Just this week, we reviewed a large organisation’s CEST determination that confirmed the client could not reject a substitute, resulting in an automatic ‘outside IR35’ outcome.
But hold on, not so fast!
The how, when, and where of a contractor’s work is key
Upon inspection, we discovered that the client retained control over how, when, and where the work was done.
Furthermore, the answers to questions about financial risk and the contractor working for other clients were unfavourable.
Upon even further investigation, it was revealed that the worker, “Joe”, had not yet started the contract, and was four weeks into waiting for security clearance, which was expected to take at least another two weeks.
‘Hi, I’m here to do Joe’s security-cleared work’
Well, I doubt a written substitution policy would help or demonstrate “reasonable care” in this situation, and the hiring manager’s reaction would likely be quite something if Joe turns up in week one, and announces he’s sending someone else to do his security-cleared work for the next four weeks!
A substitution clause that exists only in the contract, but is never exercised or is so heavily “fettered” in reality that it’s practically unusable, will carry little weight with HMRC or the courts.
The simple fact is, in a lot of cases – personal service is required.
IR35: Personal service isn’t a slam dunk for HMRC
But this by no means puts the engagement inside IR35. HMRC and tribunals often give far more credence to factors like Control, Mutuality of Obligation (MoO), and Financial Risk over a theoretical RoS that has no real-life application.
The safest approach to cementing outside IR35 status is to ensure that all elements of the working relationship align with the position of not being inside IR35.
This includes not just a RoS, but also a lack of control, MoO, and demonstrable financial risk, plus in-business features.
Stuart didn’t have it and lost; Kaye and Lorraine didn’t have it either – but won
High-profile IR35 cases found in favour of the contractor have echoed this sentiment and the need to stand back and look at the “whole picture.” Notable examples include the Kaye Adams case (Atholl House Productions Ltd v HMRC) and the Lorraine Kelly case (Canal Street Productions v HMRC). In both cases, the high-profile limited company director was found to have had no RoS, but was determined by the courts as outside IR35, based on other factors and the relationship with the engager – as a whole.

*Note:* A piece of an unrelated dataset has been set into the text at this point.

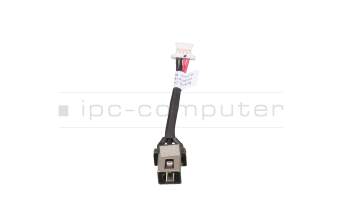 DC Jack with cable original suitable for Lenovo IdeaPad 5-14ALC05 (82LM)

As Stuart Barnes will likely tell you after his defeat at the UT, a RoS can be a useful component of an IR35 defence, but as Adams and Kelly will likely tell you, it’s not necessary to achieving outside IR35 status.
Put another way, substitution and a right of substitution should not be relied upon in isolation.
Why need a policy document if there’s not conditions attached to the right of substitution?
Contractors and clients alike should ensure that all aspects of the engagement – control, MoO, financial risk, and actual working practice – are aligned with the contractual terms.
A robust, unfettered RoS that is supported by real-world practicalities and evidence of independence, is far more defensible than a theoretical clause or policy that exists only to check a compliance box and arguably, back-fire, by potentially proving the RoS is fettered; otherwise why would there need to be a policy document if there’s not conditions attached to the right of substitution? And as ever, then step back from the detail – it’s crucial to remember that IR35 status is determined by the entirety of the working relationship, not just one aspect of it.